私がおすすめしているのは、次のような、あなたの興味が向く場所です。
- 趣味の社会人サークルや習い事
- お酒が飲める場所
- イベント会場など
たとえば実際に、ある相談者さんには「以前ちょっとだけ通っていたボルダリングを、もう一度始めてみたら?」とお伝えしたことがあります。
出会いを目的にするのではなく、本人が「ここに来ると息ができる」と思える場所に戻ってもらったのです。

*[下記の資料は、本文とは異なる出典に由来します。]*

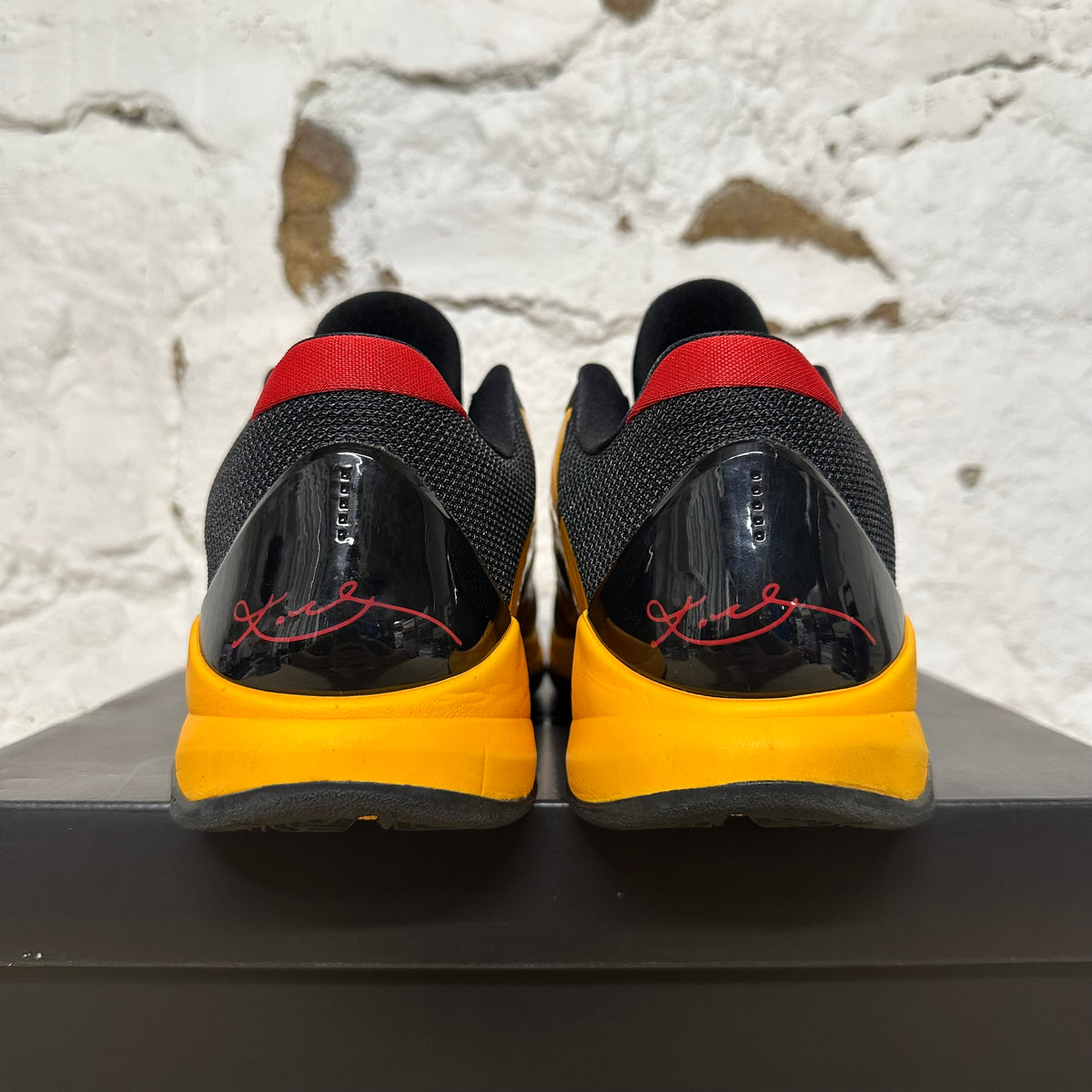 Nike Kobe 5 Protro Bruce Lee Sz 9.5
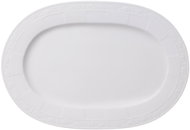 VILLEROY & BOCH WHITE PEARL Oval, 35 cm - Plate
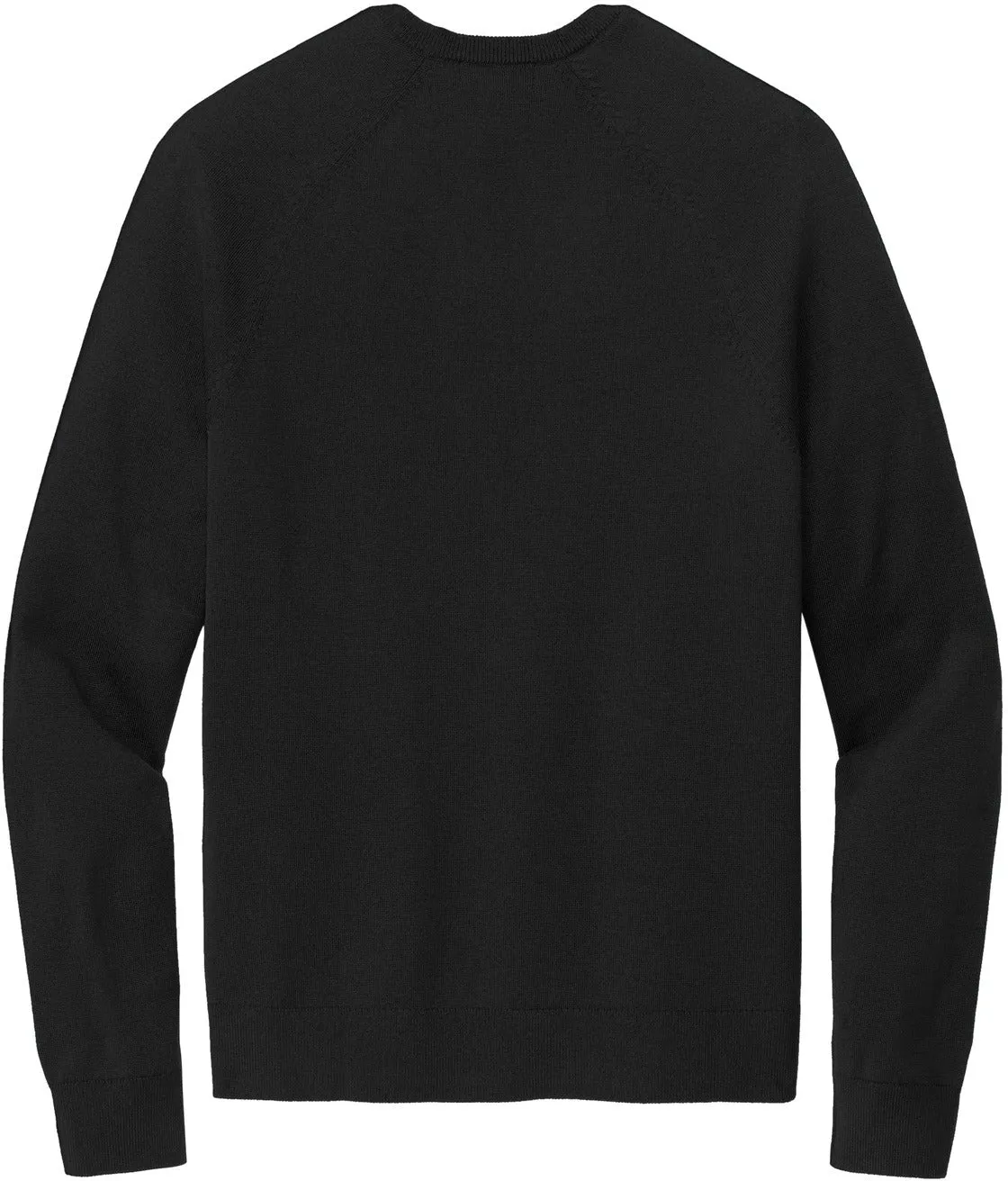 Brooks Brothers Cotton Stretch V-Neck Sweater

そこから何年か経って、その方はまったく別ルートでご結婚されました。
ここでお伝えしたいのは、「ボルダリングがいい」という話ではなく、自分が自然体でいられる場所には結果として人が集まる、ということです。
とくに、短期集中型でメキメキ婚活に励んでいた人にとっては、本当にいい気分転換になります。婚活で削られた時間を、自分のために少し返してあげてください。それは婚活からの逃避ではなく、婚活をちゃんと続けるための「土台作り」でもあるんです。
まとめ|婚活がつらいなら、あなたを安売りしない場所を探していい
私って一生結婚できないかも……
藁にもすがる思いで婚活をはじめたのに、なかなか成果が出ないと、本気でそう思ってしまうんですよね。

相談所で、その言葉を私は何度も聞きました。
プロフィール写真を撮り直して、痩せて、笑顔の練習までして、それでも交際終了の連絡が続いたとき、人は本当にそう思ってしまうんです。
その気持ちを、無理に明るく塗り替えるつもりはありません。
私が言えるのは、その絶望は「あなたに問題があるから生まれている」ものではないかもしれない、ということだけです。
あなたが弱いから疲れたのではありません。あなたの魅力が伝わりにくい場所で、長く戦いすぎただけかもしれません。
努力でも、理想でも、自分磨きでもない。
ただ、今いる場所で、あなたの魅力がうまく値付けされていないだけかもしれないのです。
だったら、全部やめなくていいです。今の活動も続けていい。ただ、もう一つだけ、自分が息をしやすい場所を持っておく。婚活をやめる前に、まず市場を変えてみてください。それだけで十分です。
まずは今週末、婚活のことを一切忘れて、あなたが一番リラックスできるお気に入りの場所へ出かけてみませんか?
そこが、あなたの輝く新しい市場への小さな入り口になるはずです。